• The task:
Transcribe exactly the lines below that begin at the line with "HERBIFY Lions Mane" and stop after the line with "Red makeup bag with pockets", leaving out every picture.

----- Materials provided

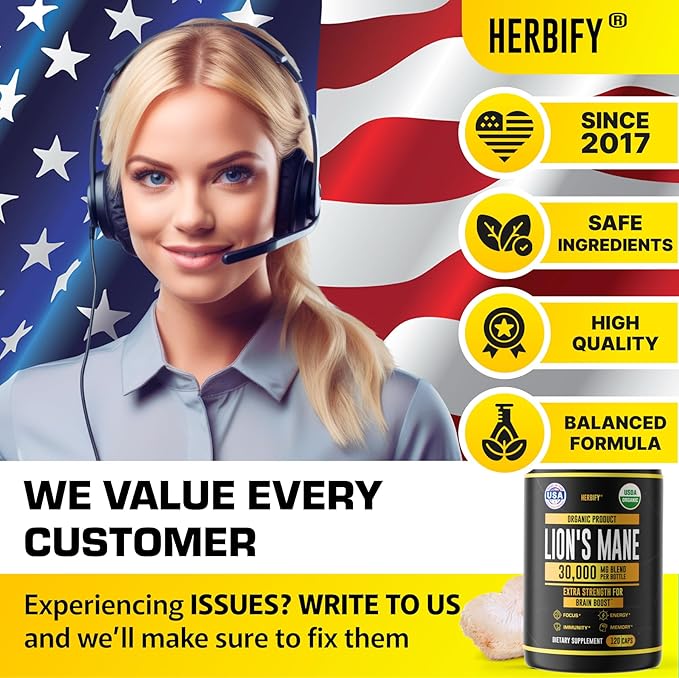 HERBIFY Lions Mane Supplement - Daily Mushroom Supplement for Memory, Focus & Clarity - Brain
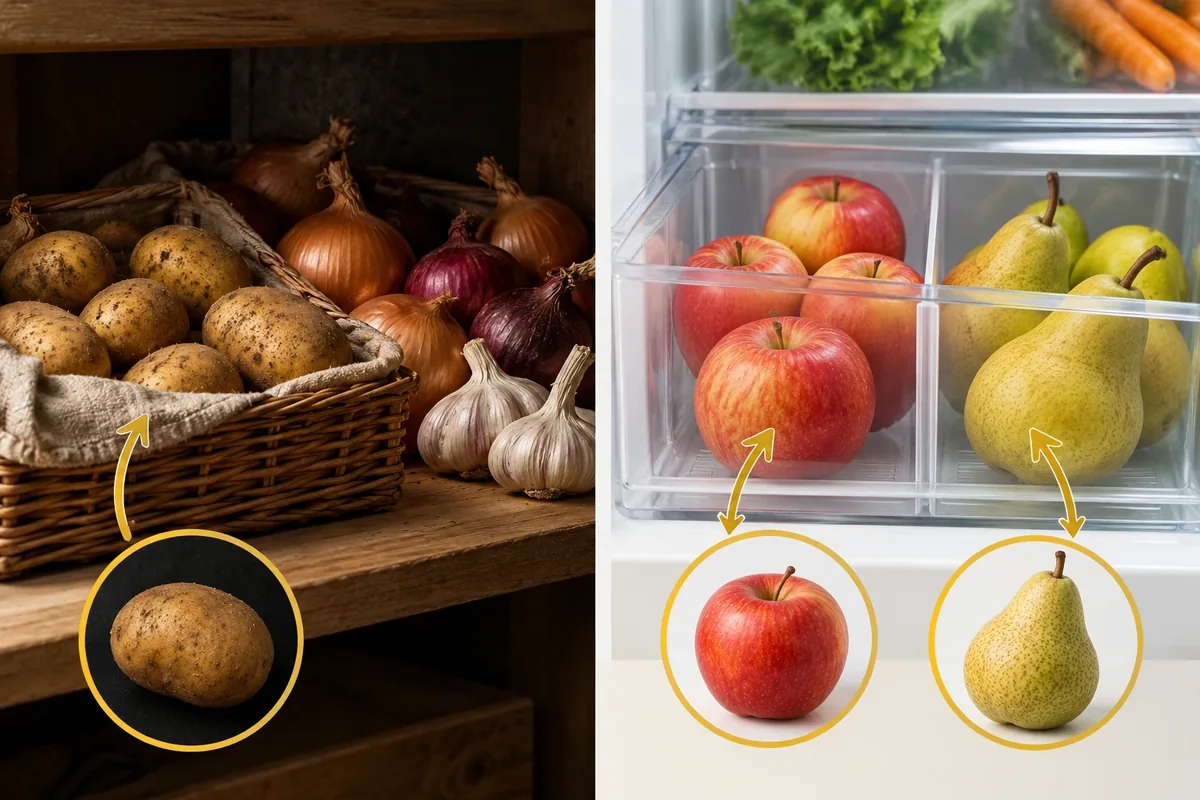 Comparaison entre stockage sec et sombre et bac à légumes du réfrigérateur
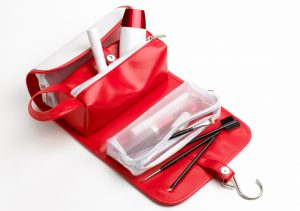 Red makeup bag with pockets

----------
----- Materials provided

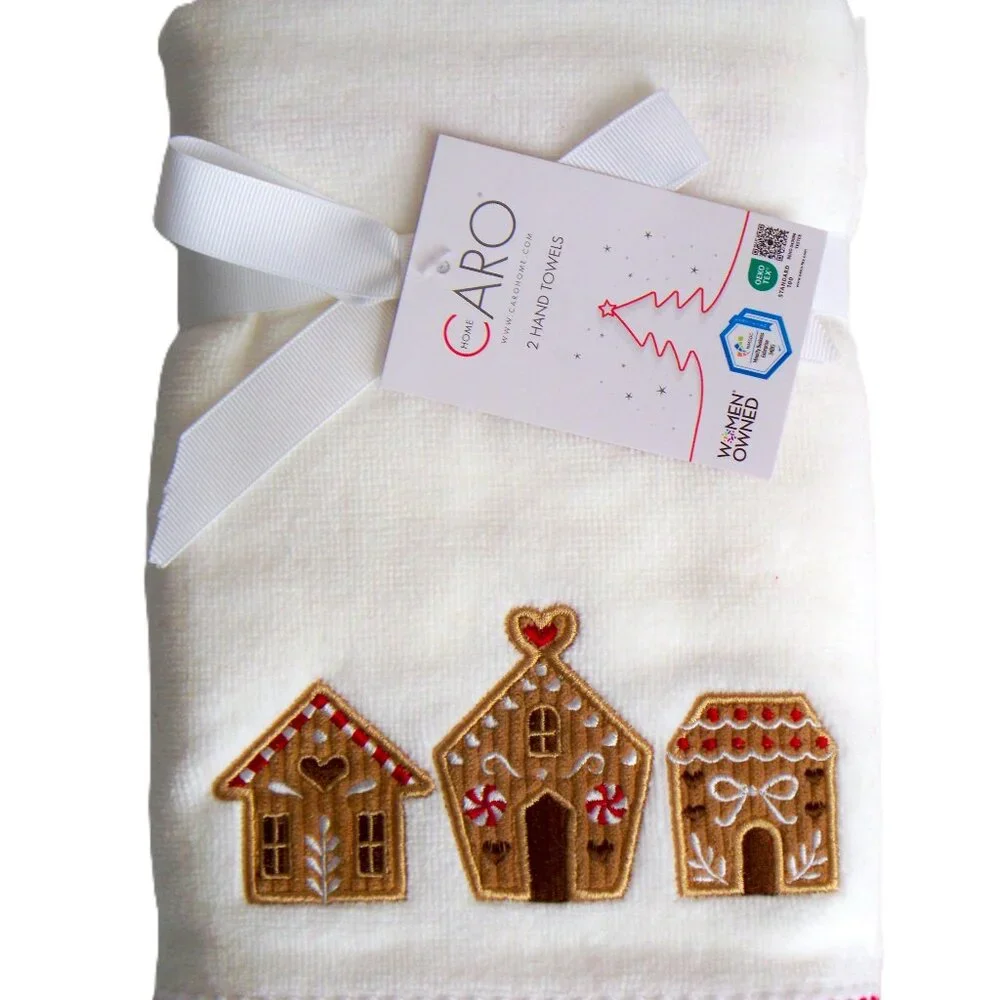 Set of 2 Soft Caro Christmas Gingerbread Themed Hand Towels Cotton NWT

----------

• Exercise output:
 HERBIFY Lions Mane Supplement - Daily Mushroom Supplement for Memory, Focus & Clarity - Brain
 Comparaison entre stockage sec et sombre et bac à légumes du réfrigérateur
 Red makeup bag with pockets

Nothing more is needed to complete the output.